**YOUR TASK**
Emit a verbatim copy of the lines below from the line with "Poster - Soft, blurred" through the line with "Rug - MOA102843", excluding pictures and everything outside that range.

**RECORDS FOR PROCESSING**
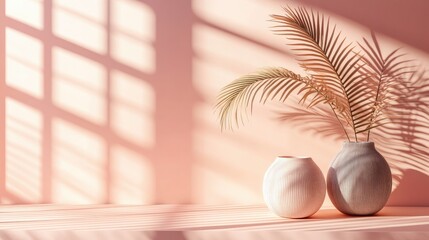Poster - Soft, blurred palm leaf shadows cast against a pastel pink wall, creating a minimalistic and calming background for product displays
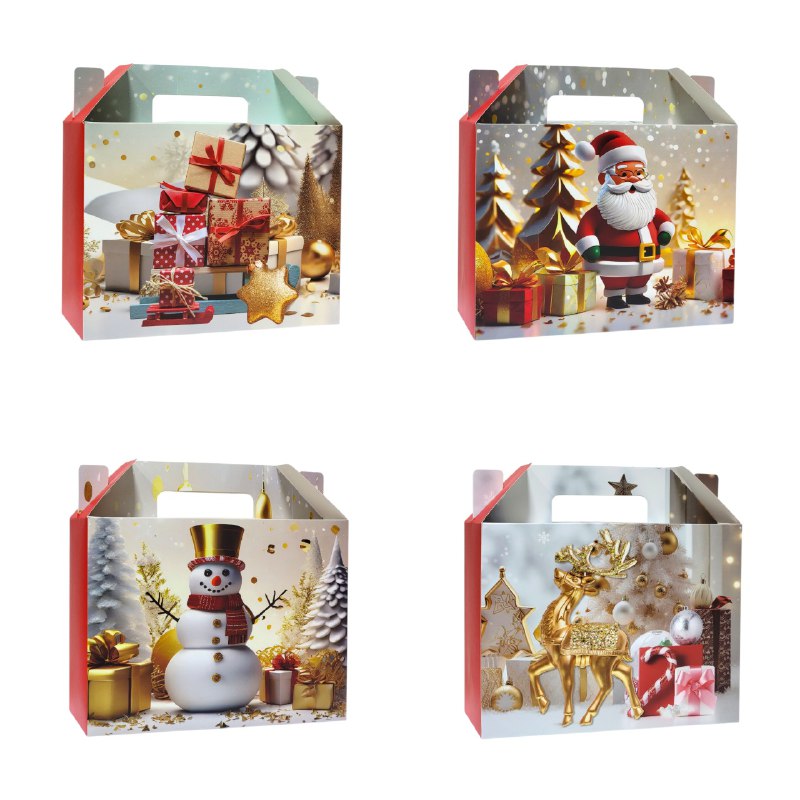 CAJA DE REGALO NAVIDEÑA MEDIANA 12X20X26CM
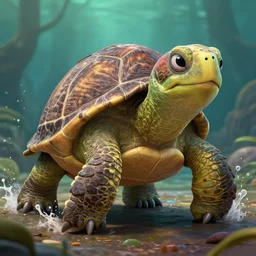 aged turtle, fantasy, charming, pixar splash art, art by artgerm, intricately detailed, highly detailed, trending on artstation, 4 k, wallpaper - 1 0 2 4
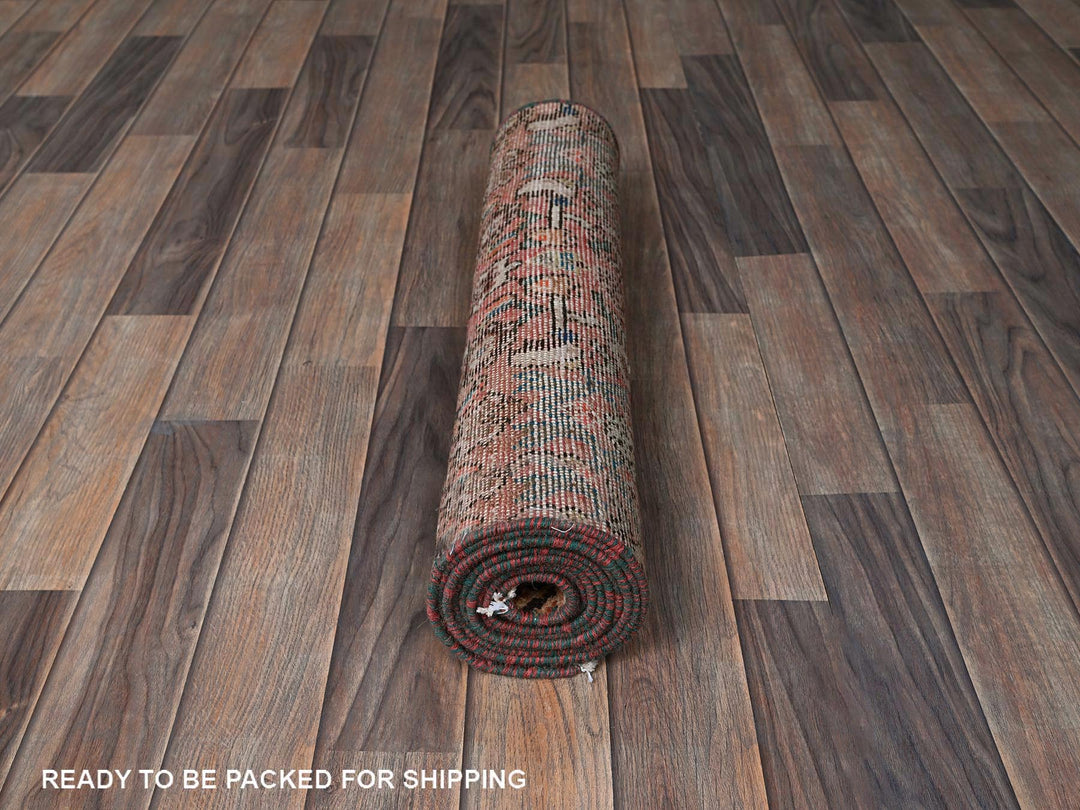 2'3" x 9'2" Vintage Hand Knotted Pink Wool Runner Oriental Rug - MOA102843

---

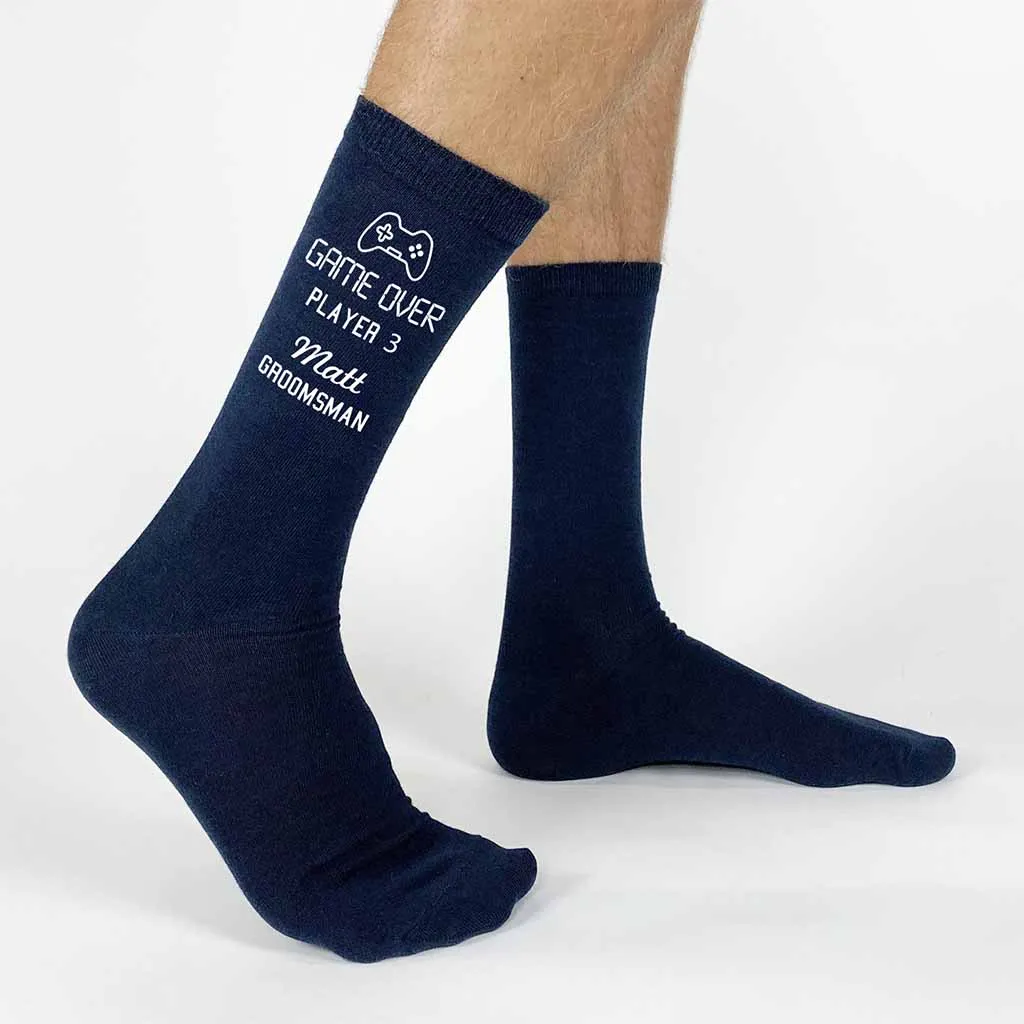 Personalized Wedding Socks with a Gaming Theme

**SOLUTION TO THIS EXERCISE**
Poster - Soft, blurred palm leaf shadows cast against a pastel pink wall, creating a minimalistic and calming background for product displays
 CAJA DE REGALO NAVIDEÑA MEDIANA 12X20X26CM
 aged turtle, fantasy, charming, pixar splash art, art by artgerm, intricately detailed, highly detailed, trending on artstation, 4 k, wallpaper - 1 0 2 4
 2'3" x 9'2" Vintage Hand Knotted Pink Wool Runner Oriental Rug - MOA102843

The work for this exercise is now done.